화학공학소재연구정보센터
IEE Proceedings-Control Theory & Applications, Vol.144, No.2, 143-152, 1997
Subsea Vehicle Path Planning Using Nonlinear-Programming and Constructive Solid Geometry
It is important to find a collision-free path for an unmanned underwater vehicle (UUV) and manipulator, from an initial to a goal configuration, when considering automated vehicle activity in and around subsea structures. The problem is particularly acute when the combined motion of a vehicle and manipulator is considered, due to large numbers of degrees of freedom (DOF) which produce a large search space, the need for an efficient search algorithm, the need for defining cost functions without local minima, and an efficient representation of object geometries to avoid collisions. Over the past 20 years, a great deal of interest and progress has developed in robot path planning. This paper concentrates on efficient searching and object representation, while removing local minima. A novel approach to subsea vehicle/manipulator path planning using a nonlinear programming approach is presented. The central idea is to represent the free space of the workspace as a set of inequality constraints of a nonlinear programming problem, using the vehicle configuration variables. The goal configuration is designed as the unique global minimum point of the objective function. The initial configuration is treated as the start point for the nonlinear search.
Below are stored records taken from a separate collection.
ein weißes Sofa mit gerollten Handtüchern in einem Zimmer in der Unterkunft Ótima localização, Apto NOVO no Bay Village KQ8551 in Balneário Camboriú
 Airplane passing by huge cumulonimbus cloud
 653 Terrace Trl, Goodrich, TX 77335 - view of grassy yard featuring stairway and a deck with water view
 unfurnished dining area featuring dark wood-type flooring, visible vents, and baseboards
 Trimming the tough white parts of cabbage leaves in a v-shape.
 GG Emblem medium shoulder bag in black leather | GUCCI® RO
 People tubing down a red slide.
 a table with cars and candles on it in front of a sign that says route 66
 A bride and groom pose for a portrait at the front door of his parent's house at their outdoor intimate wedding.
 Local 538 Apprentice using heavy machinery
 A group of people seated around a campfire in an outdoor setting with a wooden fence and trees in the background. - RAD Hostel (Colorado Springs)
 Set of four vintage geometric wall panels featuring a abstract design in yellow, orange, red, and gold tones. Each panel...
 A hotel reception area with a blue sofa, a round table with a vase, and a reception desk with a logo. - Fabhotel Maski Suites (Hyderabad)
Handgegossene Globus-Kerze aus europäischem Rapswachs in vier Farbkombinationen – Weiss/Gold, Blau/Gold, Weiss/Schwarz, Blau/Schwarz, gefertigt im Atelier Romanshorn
Then the numerical algorithm developed for solving the nonlinear programming problem is applied to solve the robot motion planning problem. Every immediate point generated using the nonlinear optimisation search method guarantees that it is in the free space and, therefore, is collision free. Mathematical foundations for constructive solid geometry, Boolean operations and approximation techniques are developed and are used to represent the free space of the robot workspace as a set of inequalities. The advantages of this approach are that mature techniques developed in the past thirty years, in nonlinear programming theory for the direction of search which guarantees convergence, efficiency and numerical robustness, can be applied directly to the robot path-planning problem. Simulation results show its effectiveness, efficiency and its potential as an online motion planner.